Board :: BeagleBone Black
Architecture :: CPU AM335x 1GHz ARM® Cortex-A8 : GPU PowerVR SGX530

uname -a
FreeBSD generic 12.1 RELEASE FreeBSD 12.1-RELEASE r354233 GENERIC arm

Problem:
I've searched the ports collection for BeagleBone-s' Black GPU driver, PowerVR SGX530, and haven't found it.  Are there any plans to support and develop a driver for the PowerVR SGX530?


----------



## Alexander88207 (Apr 4, 2021)

When searching for PowerVR, there seems to be no opensource driver in general for it.

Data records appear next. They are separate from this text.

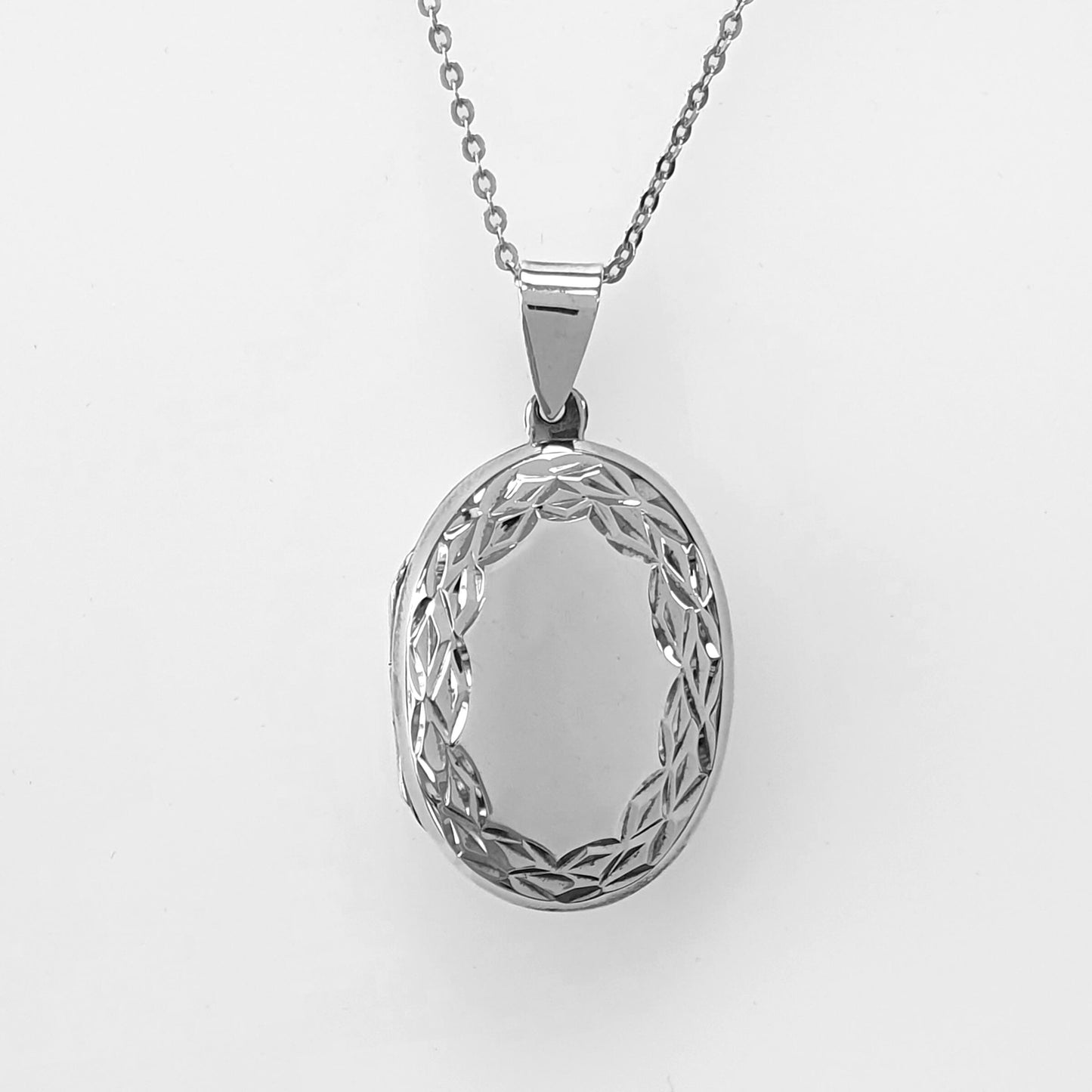 Large oval locket with silver chain on a white background. Sterling silver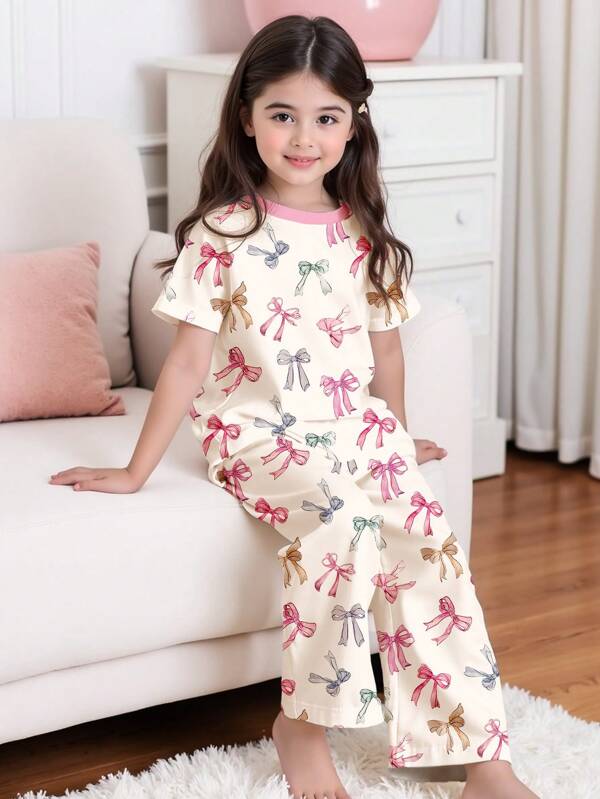 SHEIN Young Girls Casual Minimalist Pink Bow Graphic Round Neck Short Sleeve T-Shirt & Loose Long Pants Homewear Set, Suitable For Spring/Summer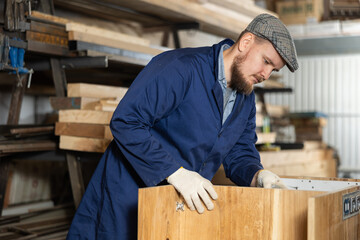 Young male carpenter assembles wooden cabinet from parts in wood workshop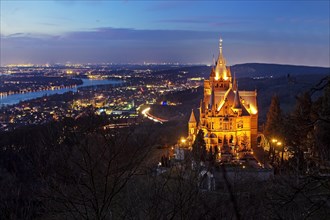 Illuminated Drachenburg Castle above the Rhine Valley in the evening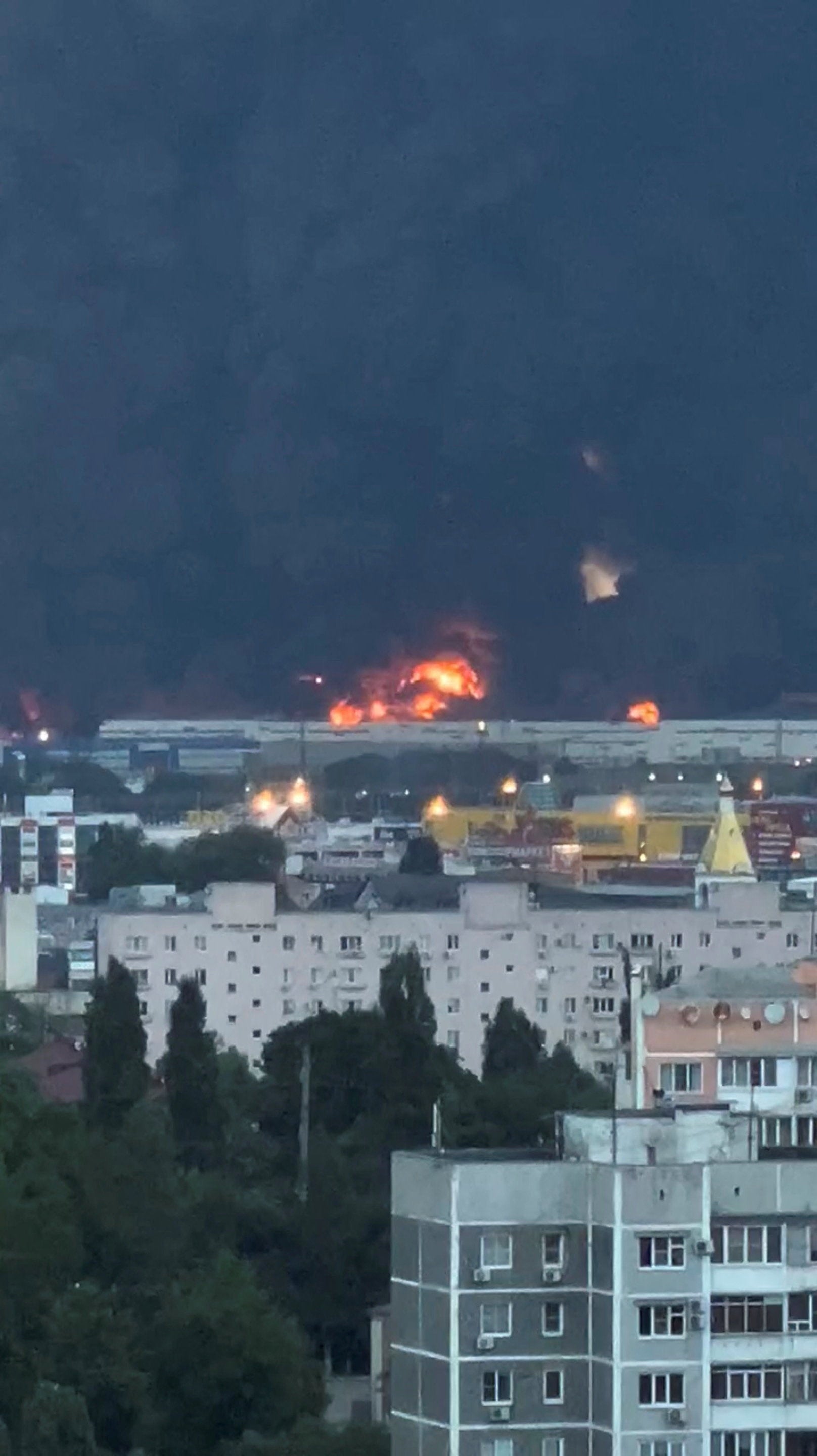 Smoke rises from a Wildberries warehouse on fire after an attack in Krasnodar (Reuters)
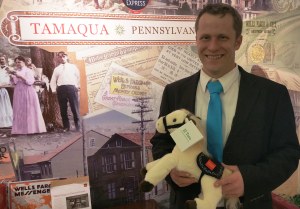Tamaqua branch manager Brian Keich holds a Wells Fargo stuffed horse to be given to the family.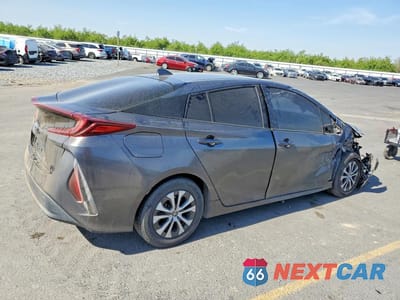 Trzecie zdjęcie samochodu z tyłu: 2021 TOYOTA PRIUS PRIME LE VIN:JTDKAMFP1M3178084 - miniatura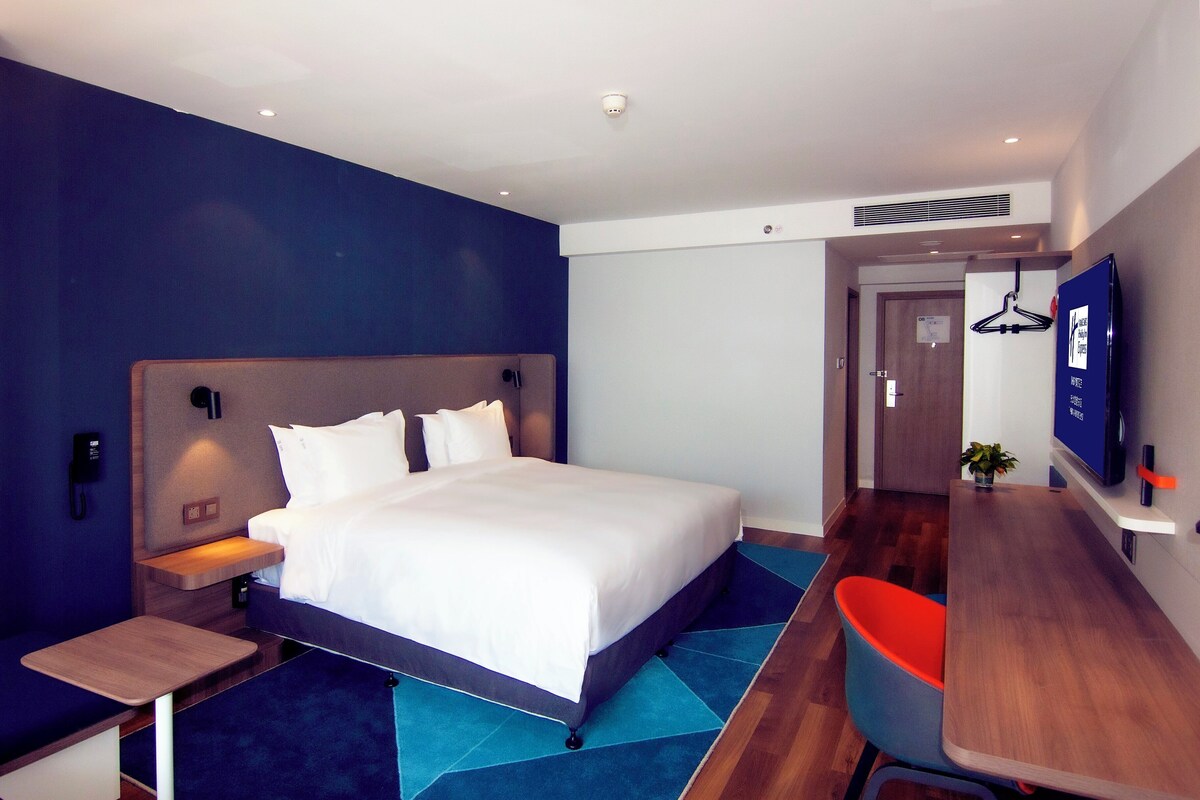 Una habitación de hotel moderna con una cama grande, una mesita de noche y un escritorio con una silla.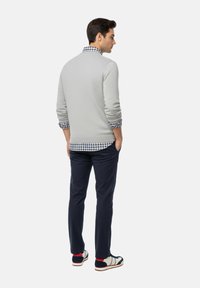 Suéter gris claro de tejido texturizado, superpuesto a una camisa de cuadros azul y blanca, combinado con pantalones oscuros de color marino y zapatillas blancas.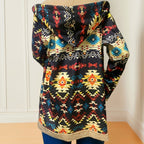 Mabel Beige patterned hooded coat shown worn from the back with an attached hood, bold geometric detailing, and a relaxed everyday fit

Same as https://forums.freebsd.org/threads/intel-3600-powervr.38791/

BTW: FreeBSD 12.1 is EoL.


----------



## Phishfry (Apr 4, 2021)

The BBB HDMI output worked in the past. What are you looking for a Xorg driver or console?
I ran Openbox on BBB when I first started messing with arm boards.
I used the scfb driver.


----------



## Atticus (Apr 4, 2021)

Alexander88207, you're right about FreeBSD 12.1...
I've attempted to install FreeBSD 12.2-STABLE; however, my board won't boot.  I have an FTDI cable on the way and when I get that cable I'll be able to post more about what's happening during the boot stage...


----------